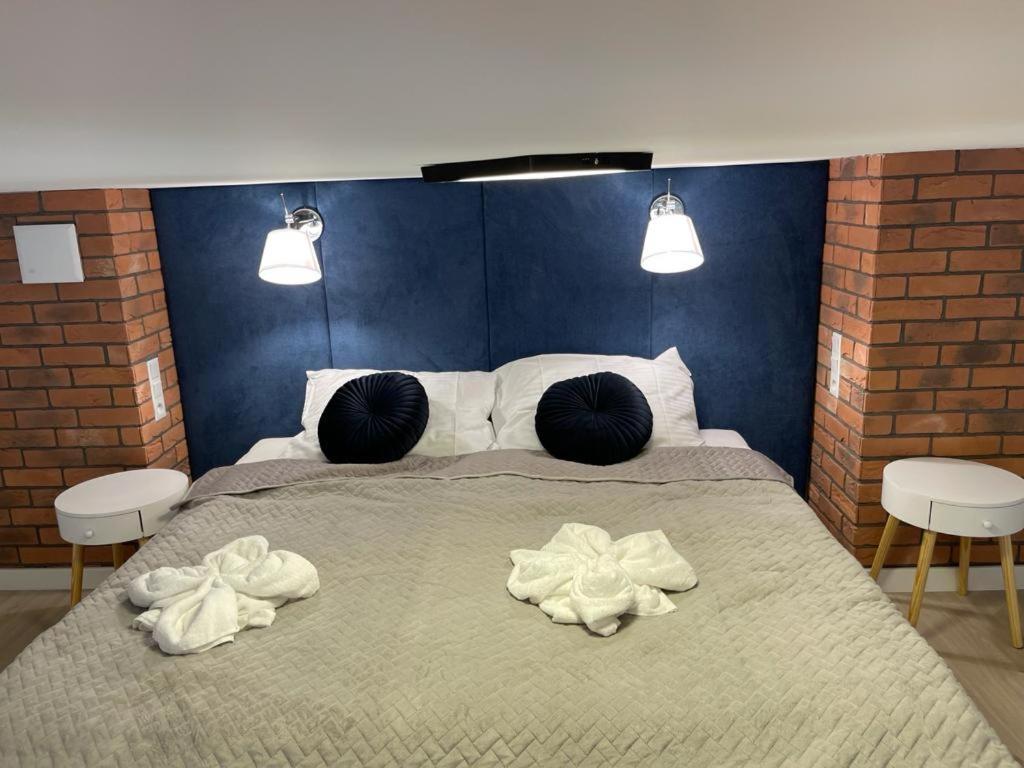 Apartamenty Mga Lividus 19 Свиноуйсьце Экстерьер фото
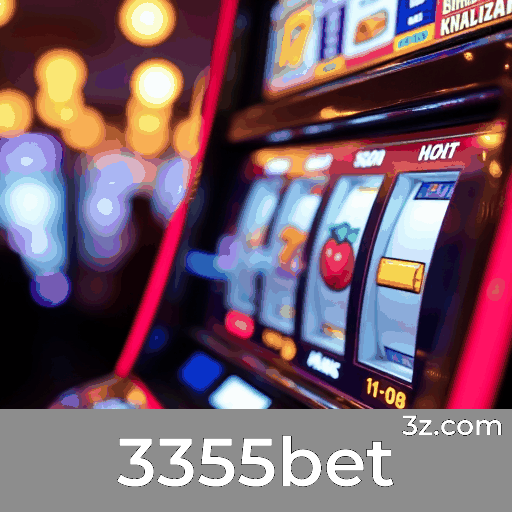 3355bet: Experiência de Cassino Imersiva para Brasileiros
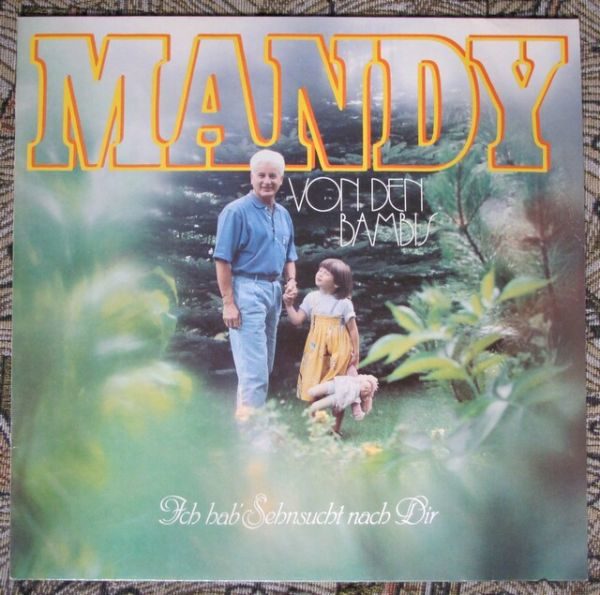 Mandy Von Den Bambis ‎– Ich Hab Sehnsucht Nach Dir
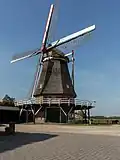 Windmill: de Leemansmolen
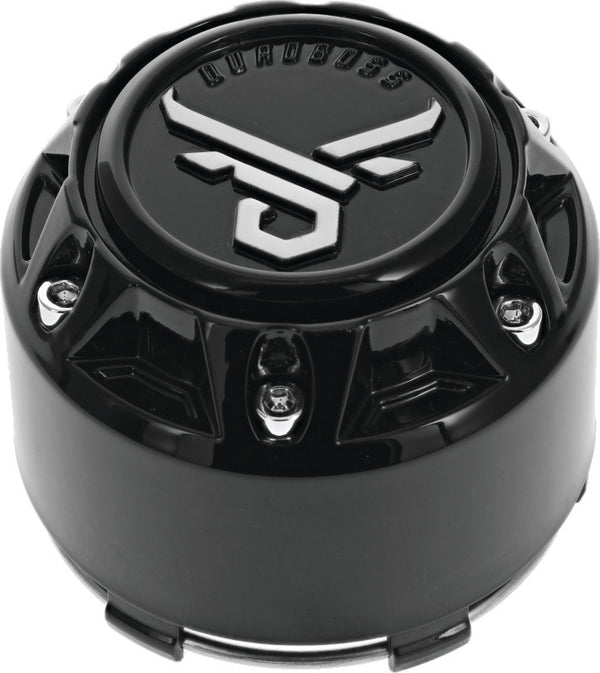 QuadBoss Wheel Cap - 110 - Black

Task brief = Transcribe every entry exactly, leaving out the pictures.

Result for this task =
 Apartamenty Mga Lividus 19 Свиноуйсьце Экстерьер фото
 3355bet: Experiência de Cassino Imersiva para Brasileiros
 Mandy Von Den Bambis ‎– Ich Hab Sehnsucht Nach Dir
 Windmill: de Leemansmolen
 QuadBoss Wheel Cap - 110 - Black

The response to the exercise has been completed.